Marat asesinado, Bonaparte cruzando los Alpes, La coronación de Napoleón… Más allá de las etiquetas habituales de Padre de la Escuela Francesa o regenerador de la pintura, Jacques-Louis David nos ha proporcionado algunas de las escenas fundamentales que hoy nutren el imaginario colectivo en torno a la Revolución Francesa y el Imperio, desde el rigor clásico en las formas, pero también desde cierto sensacionalismo en el fondo.
Con motivo del bicentenario de su muerte en el exilio, en Bruselas en 1825, el Museo del Louvre le brinda una retrospectiva que subraya su inventiva y la fuerza expresiva de su pintura y que, al abarcar su trayectoria extensa, nos propone repasar los seis regímenes políticos que conoció en vida el artista, que participó activamente en la Revolución.
Solamente este museo (pese a los días convulsos en los que está envuelto debido al aparatoso robo de joyas, justamente, de época napoleónica) podía afrontar el reto de reunir préstamos excepcionales del autor, incluyendo un imponente fragmento del Juramento del juego de pelota -que el mismo Louvre había cedido al Palacio de Versalles- y la versión original de Marat asesinado, que llega de los Museos Reales de Bellas Artes de Bélgica. Sólo el Louvre, porque alberga la mayor colección de sus pinturas de historia y de sus dibujos, y porque ya en 1989 le dedicó una extensa exhibición monográfica, junto a Versalles, para recordar otro segundo centenario: el de la Toma de la Bastilla.

Partiendo de los estudios en torno a su producción llevados a cabo en los últimos treinta años, esta antología hace hincapié en los estrechísimos lazos entre arte y política si hablamos de David. No sólo vivió en aquella época transformadora en la historia francesa (entre 1748 y 1825), sino que buscó convertirse en actor principal de los acontecimientos; puede que ningún otro pintor ejerciera una influencia tan decisiva en su tiempo, tanto en el terreno puramente creativo como por los altos cargos políticos que ocupó entre 1793 y 1794 y junto a Robespierre; por los que, como dijimos, pagó el precio del exilio tras la caída de Napoleón.

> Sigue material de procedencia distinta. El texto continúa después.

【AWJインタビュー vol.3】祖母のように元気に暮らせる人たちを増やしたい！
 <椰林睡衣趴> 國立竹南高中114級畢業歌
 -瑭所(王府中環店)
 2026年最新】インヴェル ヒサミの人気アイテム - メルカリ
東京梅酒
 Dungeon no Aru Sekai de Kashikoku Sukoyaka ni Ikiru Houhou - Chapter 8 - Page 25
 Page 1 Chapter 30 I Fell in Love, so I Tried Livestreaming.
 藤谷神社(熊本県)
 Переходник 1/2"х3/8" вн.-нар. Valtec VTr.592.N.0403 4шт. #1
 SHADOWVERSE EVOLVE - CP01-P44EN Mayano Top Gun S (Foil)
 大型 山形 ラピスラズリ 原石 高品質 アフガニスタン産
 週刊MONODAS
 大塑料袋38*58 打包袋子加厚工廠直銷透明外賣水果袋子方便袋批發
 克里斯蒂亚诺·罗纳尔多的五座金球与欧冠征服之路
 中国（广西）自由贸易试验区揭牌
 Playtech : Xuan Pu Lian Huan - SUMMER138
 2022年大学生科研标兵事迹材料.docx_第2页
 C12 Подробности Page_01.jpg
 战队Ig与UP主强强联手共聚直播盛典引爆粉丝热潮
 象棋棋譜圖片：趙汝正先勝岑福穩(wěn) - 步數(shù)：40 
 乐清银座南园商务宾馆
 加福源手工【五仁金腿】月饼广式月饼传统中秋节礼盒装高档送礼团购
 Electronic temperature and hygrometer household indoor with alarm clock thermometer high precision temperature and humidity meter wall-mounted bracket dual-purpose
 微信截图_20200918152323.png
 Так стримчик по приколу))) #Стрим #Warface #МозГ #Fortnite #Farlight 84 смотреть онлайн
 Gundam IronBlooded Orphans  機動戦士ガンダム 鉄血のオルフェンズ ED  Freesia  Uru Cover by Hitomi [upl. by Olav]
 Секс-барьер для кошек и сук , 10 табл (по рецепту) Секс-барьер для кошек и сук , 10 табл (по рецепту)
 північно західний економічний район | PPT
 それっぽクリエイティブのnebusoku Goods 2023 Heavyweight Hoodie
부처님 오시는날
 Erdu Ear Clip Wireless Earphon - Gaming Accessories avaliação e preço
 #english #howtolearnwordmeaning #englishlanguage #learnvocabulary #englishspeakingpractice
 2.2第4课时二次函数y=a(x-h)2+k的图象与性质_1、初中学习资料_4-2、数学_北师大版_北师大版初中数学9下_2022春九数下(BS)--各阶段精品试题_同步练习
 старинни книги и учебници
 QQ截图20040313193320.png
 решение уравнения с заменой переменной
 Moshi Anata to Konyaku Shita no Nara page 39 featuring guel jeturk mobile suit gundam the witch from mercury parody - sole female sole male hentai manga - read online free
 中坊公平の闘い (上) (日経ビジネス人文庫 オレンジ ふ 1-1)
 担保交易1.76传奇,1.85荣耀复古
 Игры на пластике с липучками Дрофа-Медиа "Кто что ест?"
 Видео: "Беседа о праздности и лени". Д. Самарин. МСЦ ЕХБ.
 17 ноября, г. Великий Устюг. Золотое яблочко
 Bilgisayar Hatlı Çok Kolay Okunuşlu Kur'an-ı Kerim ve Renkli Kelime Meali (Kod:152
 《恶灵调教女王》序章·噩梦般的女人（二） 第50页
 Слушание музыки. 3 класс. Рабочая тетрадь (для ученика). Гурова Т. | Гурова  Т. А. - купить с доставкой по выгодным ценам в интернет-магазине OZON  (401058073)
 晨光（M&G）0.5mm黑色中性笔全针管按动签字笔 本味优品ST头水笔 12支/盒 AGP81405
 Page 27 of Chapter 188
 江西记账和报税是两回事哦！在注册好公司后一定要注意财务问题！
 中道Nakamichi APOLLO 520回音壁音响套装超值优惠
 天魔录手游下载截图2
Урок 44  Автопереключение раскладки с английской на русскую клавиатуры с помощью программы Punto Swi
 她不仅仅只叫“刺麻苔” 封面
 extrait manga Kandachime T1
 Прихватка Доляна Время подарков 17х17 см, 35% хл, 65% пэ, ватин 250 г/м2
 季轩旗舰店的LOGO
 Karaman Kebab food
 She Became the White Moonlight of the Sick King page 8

Como retrospectiva canónica, la exposición se estructura cronológicamente comenzando por un prólogo dedicado a la ardua búsqueda de David del prestigioso Premio de Roma, que en cuatro ocasiones trató de lograr sin éxito. Pero, al margen de ese repaso académico, también propone el Louvre discernir qué nos dice su pintura hoy: hombre de personalidad compleja, adorado por algunos y odiado por otros, encarna seguramente las contradicciones y esperanzas de un tiempo tan turbulento como definitorio (en parte, por esa razón) de la contemporaneidad europea.
Su compromiso político se había acrecentado gradualmente durante el Antiguo Régimen, participando en círculos liberales partidarios de una monarquía constitucional, para quienes pintó Muerte de Sócrates (hoy en el Metropolitan de Nueva York).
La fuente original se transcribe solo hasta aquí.